And depending on the setup you are using, you might have to manage lets encrypt, authentication and authorization, secrets vaults, etc (here at least Disco manages the SSL certs for you)
If you are small enough, you are not going to be truly affected by downtime. If you are just a little bigger, a single hot spare is going to be sufficient.
The place where you get dinged is heavy growth in personnel and bandwidth. You end up needing to solve CPU bound activities quicker because it hurts the whole system. You need to start thinking about sticky round robin load balancing and other fun pieces.
This is where the cloud can allow you to trade money for velocity. Eventually, though, you will need to pay up.
That said, the average SaaS can go a long way with a single server per product.
Only if those man-days actually incur a marginal cost. If it's just employees you already have spending their time on things, then it's not worth factoring in because it's a cost you pay regardless.
For example, the "Bridging the Gap: Why Not Just Docker Compose?" section is a 1:1 copy of the points in the "Powerful simplicity" on the landing page - https://disco.cloud/
And this blog post is the (only) case study that they showcase on their main page.
- ...
I'm kidding :-)
Our library is open source, and we're very happy and proud that Idealist is using us to save a bit of cash. Is it marketing if you're proud of your work? :-) Cheers
Marketing should be marketing and clearly so. Tech blogs are about sharing information with the community (Netflix Tech blog is a good example) NOT selling something. Marketing masquerading as a tech blog is offputting to a lot of people. People don't like being fooled with embedded advertising and putting ad copy into such pieces is at best annoying.
Netflix is giving away free water bottles (I hate them, but I use their fast.com super often to test the speeds), another is pretending to be a blog post, but actually being an ad (if that was the case here). You just feel lied to. You cannot take anything seriously you read there, as it will probably be super biased and you cannot get your time back now.
I'm complaining about thinly veiled ad copy wearing the mask of shared technical notes. This is seen as a bad faith effort by the publisher of such notes and a dirty trick played on the reader. Advertising should announce itself for what it is.
I'm very clearly making a distinction, I like A, I don't like B.
You're taking that, saying I must actually hate both A and B, and by the way C through Z because nobody is 111% pure of heart and everybody must have at least some motivation for doing something and nobody is entirely altruistic.... which is just this crazy extreme that it's clear I don't believe at all.
I like the incentive structure that leads Netflix to produce objectively high quality articles sharing with the community in a way that really seems to be entirely untainted by the motivation.

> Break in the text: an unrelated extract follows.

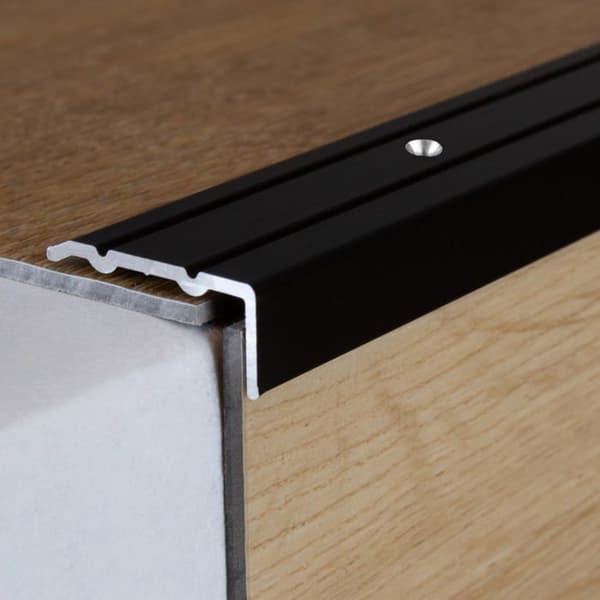 Kantlist 10 x 24,5 x 800 mm Typ 88 89 anodiserad aluminium ljusbrons perforerad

Ad copy in tech notes does seem to taint the motivation and quality of them, it can be innocent but it doesn't seem like it and is generally irritating to a lot of people.
Dislike of a certain kind of advertising doesn't mean I'm sitting around miserable because nobody is truly altruistic as you suggest, and that the issue. My lines of thinking aren't taken to a silly extreme. A lot of disagreements these days are people reinterpreting their opposition as exclusively extremist and that's a problem.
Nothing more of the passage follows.